┌──

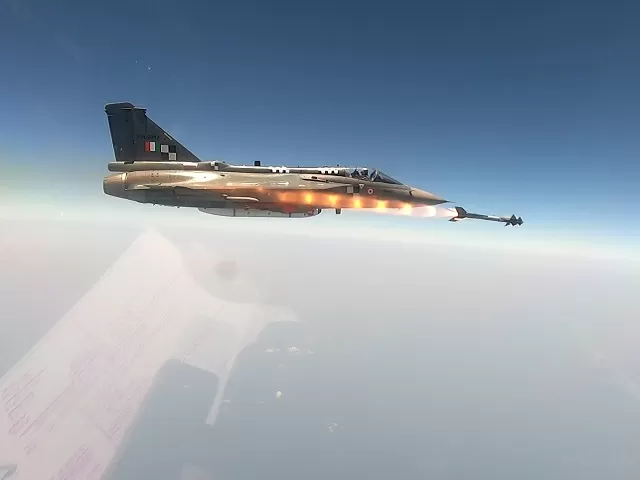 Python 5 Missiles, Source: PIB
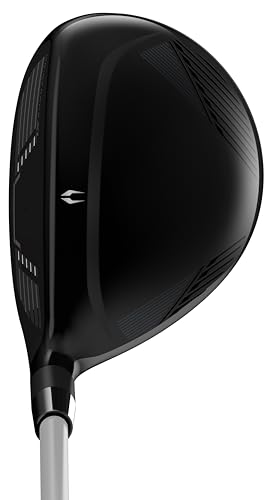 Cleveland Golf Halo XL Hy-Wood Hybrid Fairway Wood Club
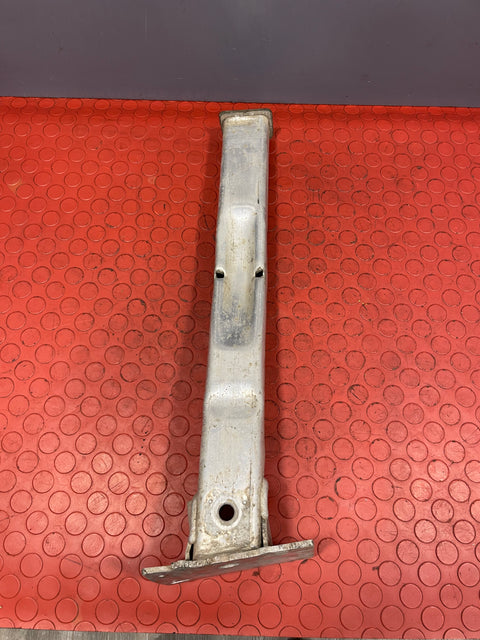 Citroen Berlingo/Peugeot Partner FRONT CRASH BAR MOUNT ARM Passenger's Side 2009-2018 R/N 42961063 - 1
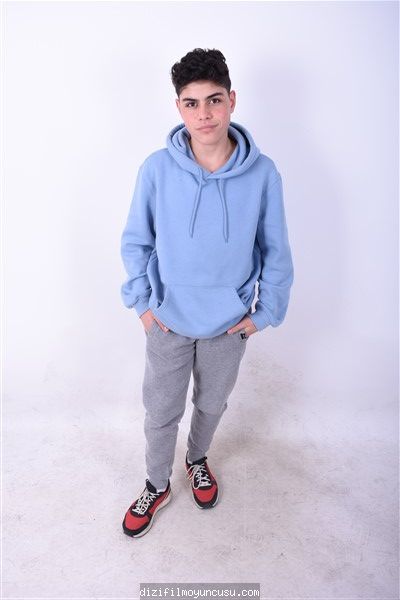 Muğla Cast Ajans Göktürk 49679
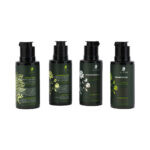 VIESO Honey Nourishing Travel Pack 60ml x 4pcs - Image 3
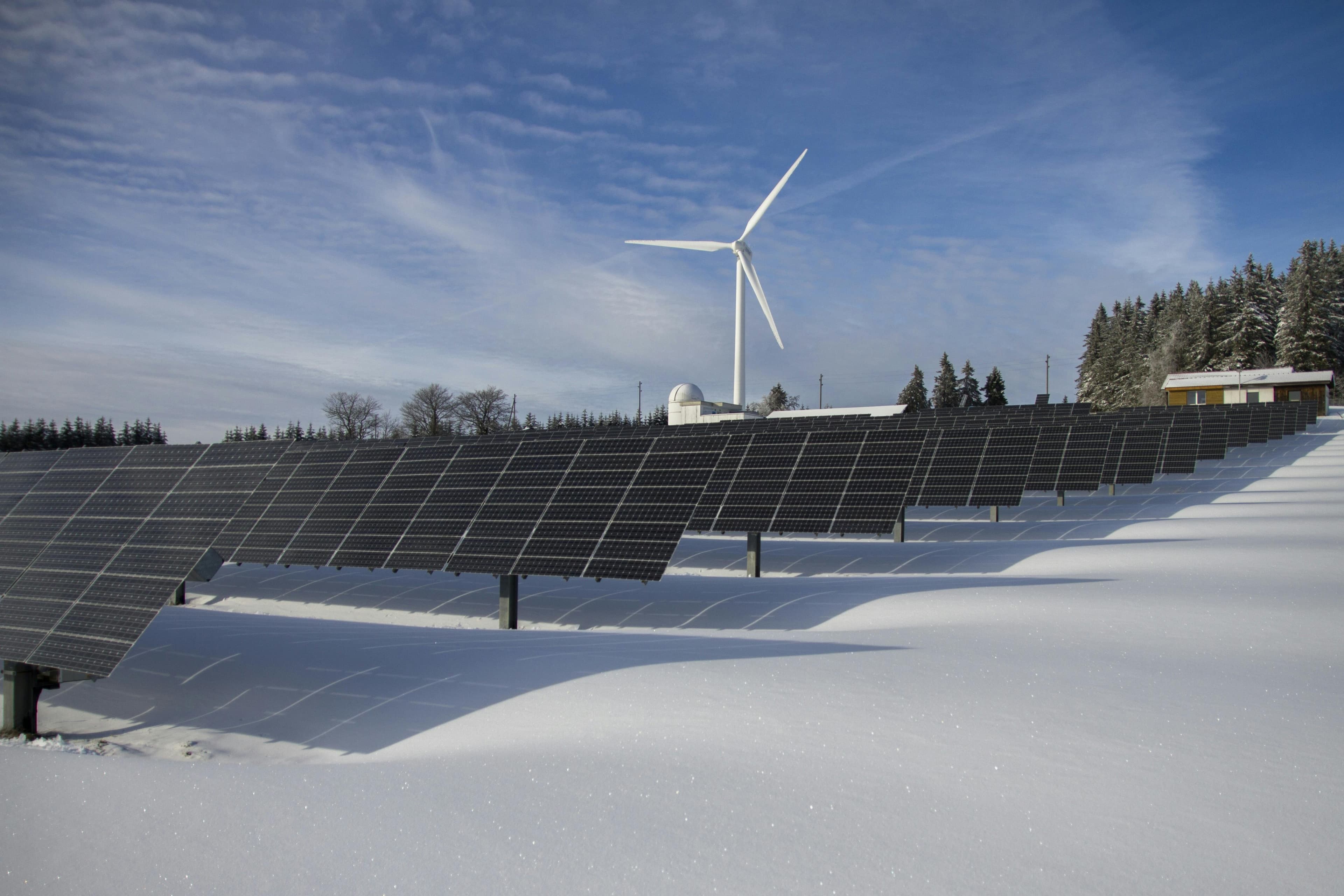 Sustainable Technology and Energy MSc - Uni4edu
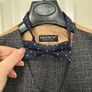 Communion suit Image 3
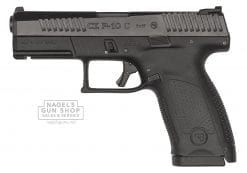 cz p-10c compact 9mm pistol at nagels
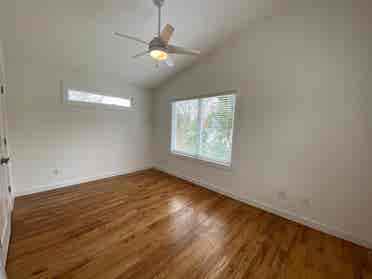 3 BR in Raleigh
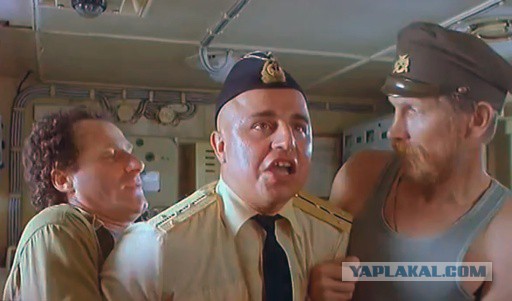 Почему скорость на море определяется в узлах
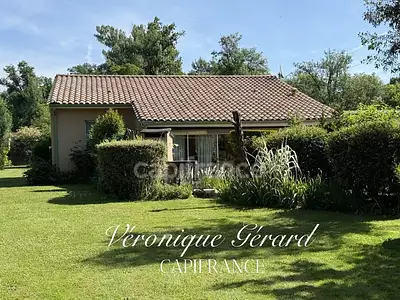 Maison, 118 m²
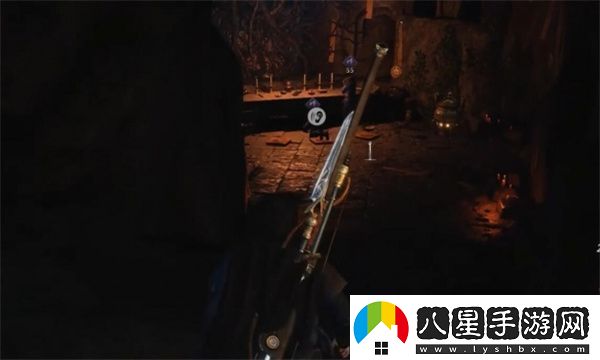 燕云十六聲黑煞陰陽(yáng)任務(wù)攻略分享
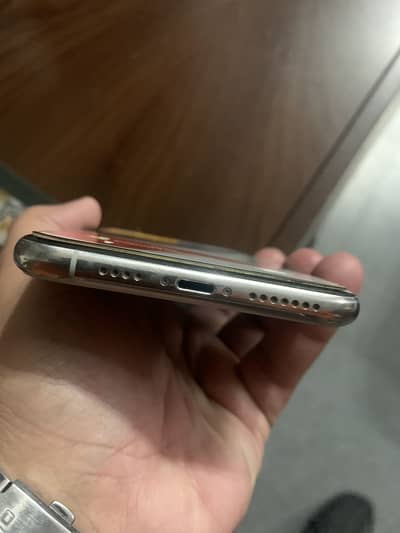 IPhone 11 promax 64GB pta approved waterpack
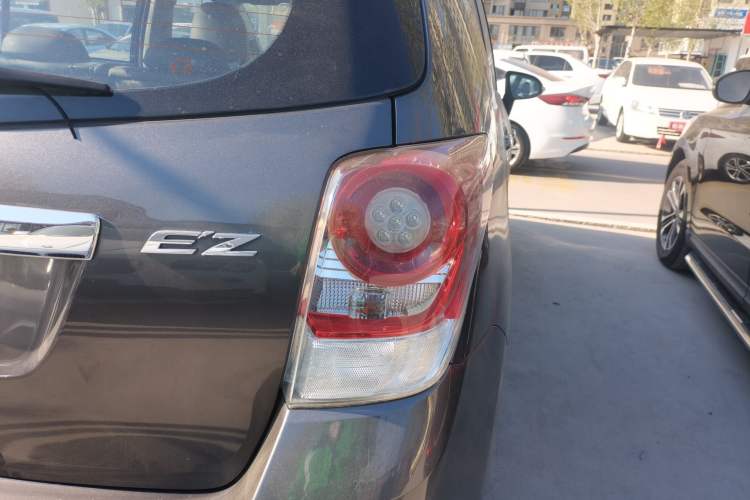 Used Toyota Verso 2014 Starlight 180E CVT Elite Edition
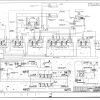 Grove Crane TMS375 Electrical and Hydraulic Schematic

└──

EXERCISE REQUIREMENTS: Look above for the line containing "Citroen Berlingo/Peugeot Partner", then copy exactly from it through the line containing "燕云十六聲黑煞陰陽(yáng)任務(wù)攻略分享", keeping both and leaving out pictures. Add nothing else.

RESULT OF THE TASK:
 Citroen Berlingo/Peugeot Partner FRONT CRASH BAR MOUNT ARM Passenger's Side 2009-2018 R/N 42961063 - 1
 Muğla Cast Ajans Göktürk 49679
 VIESO Honey Nourishing Travel Pack 60ml x 4pcs - Image 3
 Sustainable Technology and Energy MSc - Uni4edu
 Communion suit Image 3
 cz p-10c compact 9mm pistol at nagels
 3 BR in Raleigh
 Почему скорость на море определяется в узлах
 Maison, 118 m²
 燕云十六聲黑煞陰陽(yáng)任務(wù)攻略分享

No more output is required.